Although great progress has been made in cancer therapeutics, the immune-suppressive tumor immune microenvironment (TiME) remained one major barrier in advancing cancer prognosis. TiME is a mixture of cancer cells, immune cells, blood vessels, fibroblasts, and extracellular matrix. Depending on the TiME compositions, tumors can be immune cell exclusive and/or immune suppressive.[3]  Therefore, how to alter TiME compositions to turn the "Cold" (immunosuppressive) tumors "Hot" (immunogenic) is critically important to unleash the true power of cancer immunotherapy.[4] One key strategy to overcome immune-suppressive TiME is through combinational therapy that increases tumor immunogenicity while inhibiting immune suppression checkpoints simultaneously.[5] However, obstacles remained to achieving optimal pharmacokinetics and pharmaco/immunodynamics for therapeutic combinations.

This seminar will focus on the considerations for developing tumor drug delivery systems, concepts for achieving TiME immune modulation, and specific examples for reversing immune-suppressive TiME through synergistic immunogenic cell death induction. Finally, thoughts will be given on the overall outlook and future development in TiME reprogramming via immune-modulating pharmacoactive and bioactive materials as future research directions.

Kuo-Ching (KC) Mei, PhD, received his BScPharm, MRes, and PhD in pharmaceutical sciences from Taipei Medical University, University College London, and King's College London. He is a board certificated pharmacist (Taiwan) and a member of the Royal Society of Chemistry (UK) who worked as a formulation scientist for three years in pharma. In the UK, Dr. Mei studied with Drs. Khuloud Al-Jamal and Robert C. Hider to synthesize carbonaceous nanomaterials and investigated its pharmacokinetics and bio-nano interactions on the blood-brain barrier.
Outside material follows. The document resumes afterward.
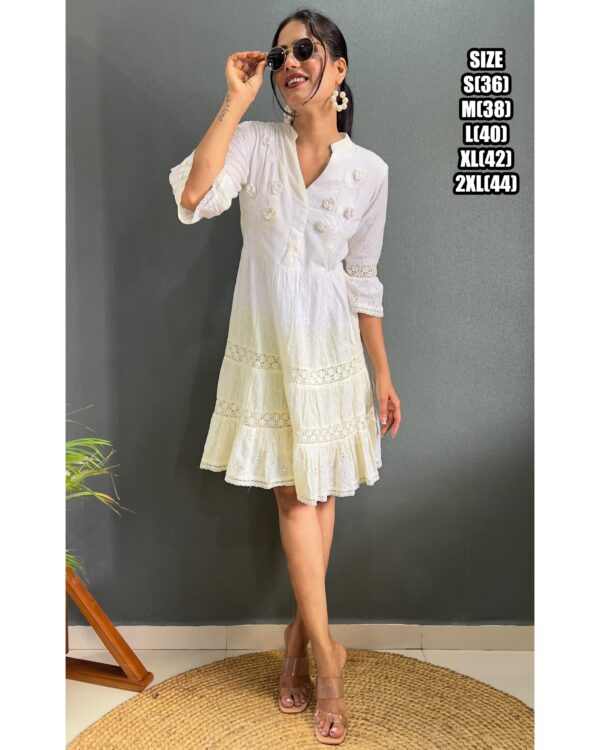 Evening Party Wear Stitched Cotton Lakhnavi Designer Up To Knee Length Tunic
Dr. Mei came to the US for his first postdoc at UCLA School of Medicine, where he studied with Drs. Andre Nel, Meng Huan, and Tian Xia on chemo-immunotherapies for tumor microenvironment immune modulation using lipid-based pharmacoactive materials. As part of this work, he become a co-inventor of 2 US patent applications regarding nano-enabled immunotherapy in cancer. At UNC-Chapel Hill, Dr. Mei works in the Therapeutical Biomaterial Lab, led by Dr. Juliane Nguyen for his second postdoc training. His research focuses on the synthesis and discovery of lipid-based and protein-derived bioactive biomaterials for immune modulation and vaccine delivery. Dr. Mei's future research goals are to develop combinatorial immunotherapy strategies using pharmacoactive and bioactive biomaterials.